Wright joins chorus for Zimbabawe's ouster
Zimbabwe, on the eve of their match against New Zealand, face another cry for their ouster and this time it has surprisingly come from the usually non-committal former India cricket coach John Wright.
Wright, back in limelight as coach of the Rest of World team against Australia in Super Series in October, has asked the International Cricket Council to review the situation as Zimbabwean team lurch from one disaster to another.
Wright also questioned the prevalent infrastructure for the game in Zimbabwe.
"I'm not as much interested in the results as the strength of the game's infrastructure in Zimbabwe," he was quoted as saying in a New Zealand daily.
"The crux of the matter is whether Zimbabwe have the development programmes and the resources to sustain their international presence."
Wright is an important voice in world arena for he guided the destiny of Indian cricket for five years during which 49 Tests and 164 one-day internationals were played by the national team.
He termed Zimbabwe as "very competitive" till six or seven years ago but now he feels they have been unable to extricate themselves from the quagmire of disastrous performances.
The former New Zealand captain said it served no purpose to promote a team which was losing so badly so consistently.
"Having said that, the results are just the tip of the iceberg. The real issues involve Zimbabwe's capacity to improve and progress as a cricket nation, and maybe that's where the ICC should be playing a role."
"It can't be just allowed to carry on regardless, because failure will breed failure -- it won't help with development."
Wright compared Zimbabwe's plight with Bangladesh and found the latter to offer better hope in contrast.
"Bangladesh have the population base, a passion for the game, a decent budget and plenty of support from India, so they should be okay in the long term.

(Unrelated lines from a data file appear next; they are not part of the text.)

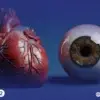 المرآة العينية كيف يكشف فحص العين عن صحة قلبك قبل ظهور الأعراض؟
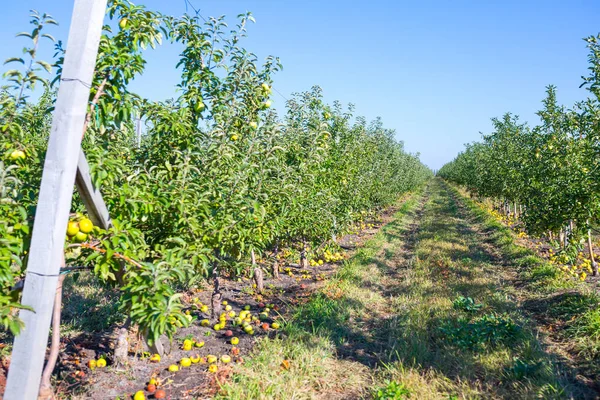 Obstplantage Mit Reifen Äpfeln Auf Ästen Von Apfelbäumen Unendliche Perspektive — Stockfoto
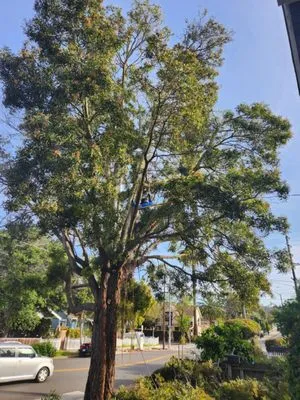 Miguel Vasquez Landscaping & More Logo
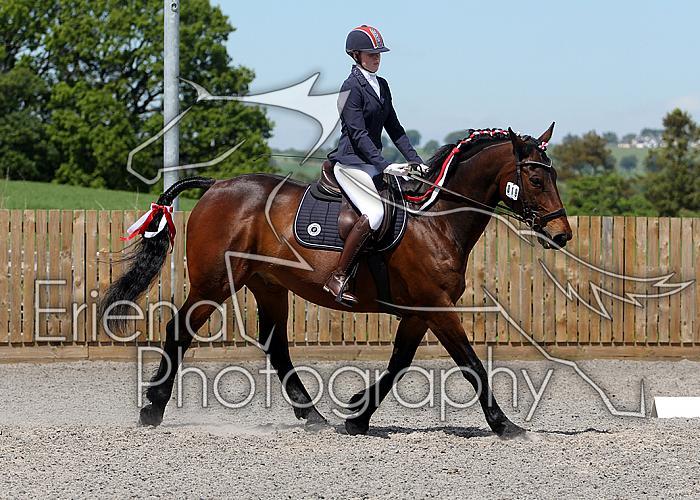 Novice163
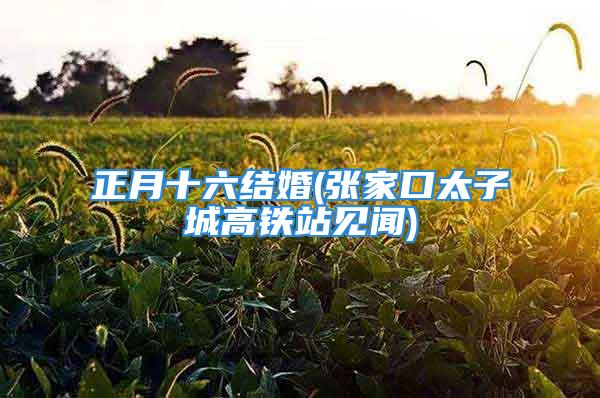 正月十六结婚(张家口太子城高铁站见闻)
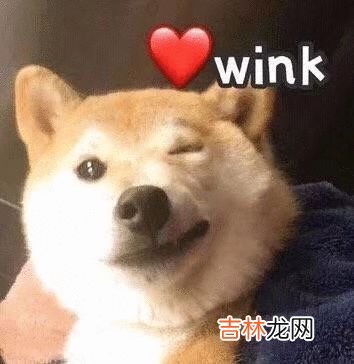 舔狗星座的一生,何其壮哉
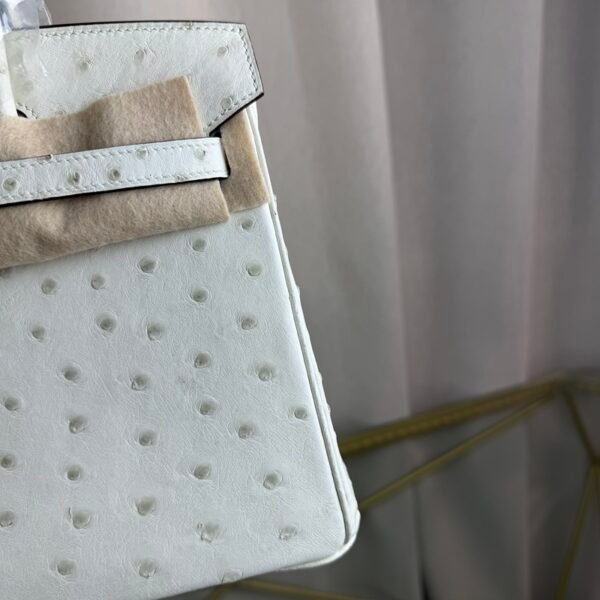 Birkin-25-Blanc-Ostrich-Gold-Hardware Birkin 25 Blanc Ostrich Gold Hardware bag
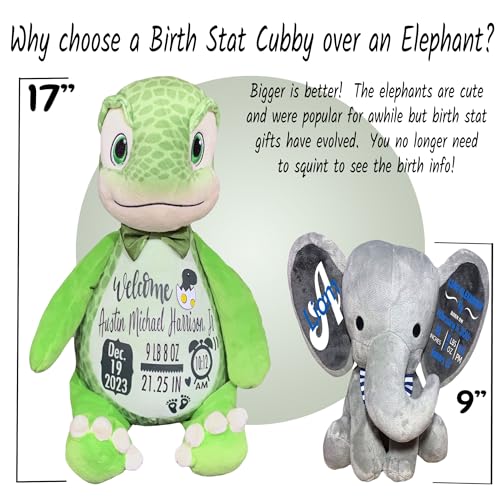 Baby Birth Stats Plush - Green Dinosaur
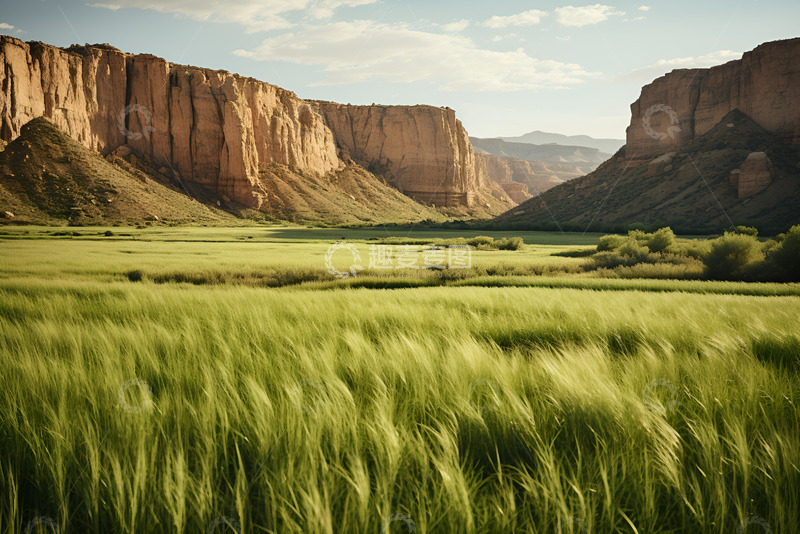 高清大图下载【趣麦麦图】原野蒿草丛山石美景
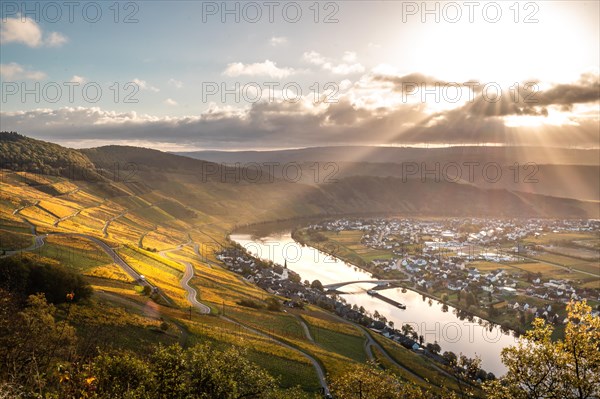 Autumn vineyards on the Moselle river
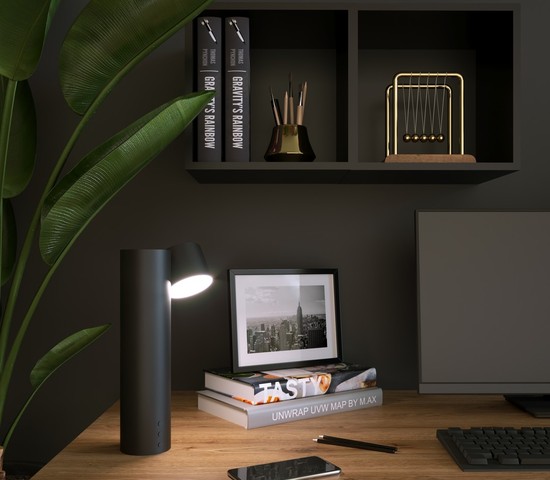 Настольная лампа 80425/1 черный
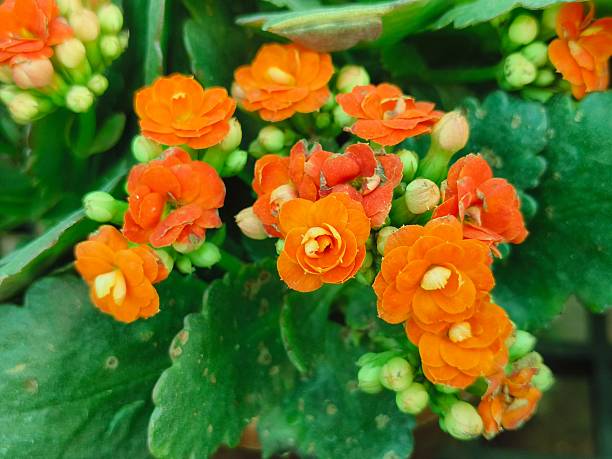 Orange Kalanchoe Flower Seeds – Heirloom, Non-GMO, High Germination Seeds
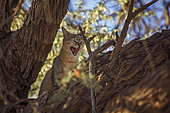 Southern African wildcat (Felis silvestris cafra) hidding in tree trunk in Kgalagadi transfrontier park, South Africa
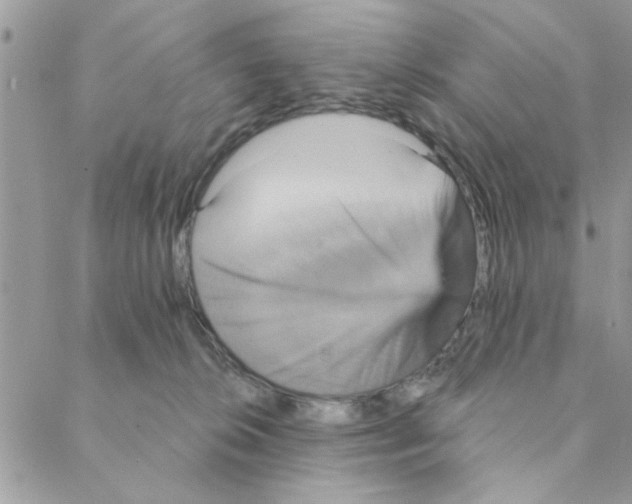 X0000088200276200706121748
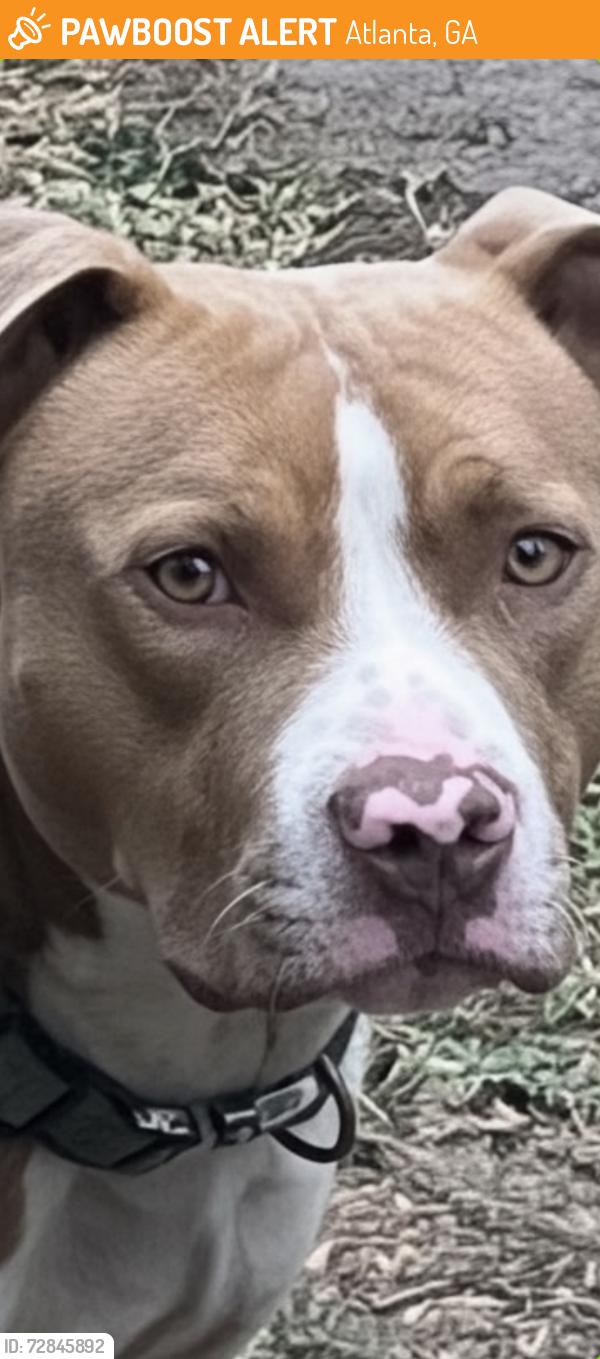 Found/Stray Male Dog last seen Pleasant hill walnut street Macon Georgia , Atlanta, GA 30327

It's hard to see them not making progress.
"But if that's not the case in Zimbabwe, then the ICC need to have the tools and the commitment to review the situation."
As for the Super Series, Wright said he was honoured to be appointed as coach and was looking forward to another opportunity to stand up to Australia.
Under his guidance, India beat Steve Waugh's team 2-1 at home in the 2000-01 series and followed up by holding them to a 1-1 drawn series in Australia in 2003-04.
He said the history of the World concept, and the fact that he would be working with the best players in the world, meant the job carried a burden of responsibility.
"It's very important that the cricket is good. It's even more important that we win."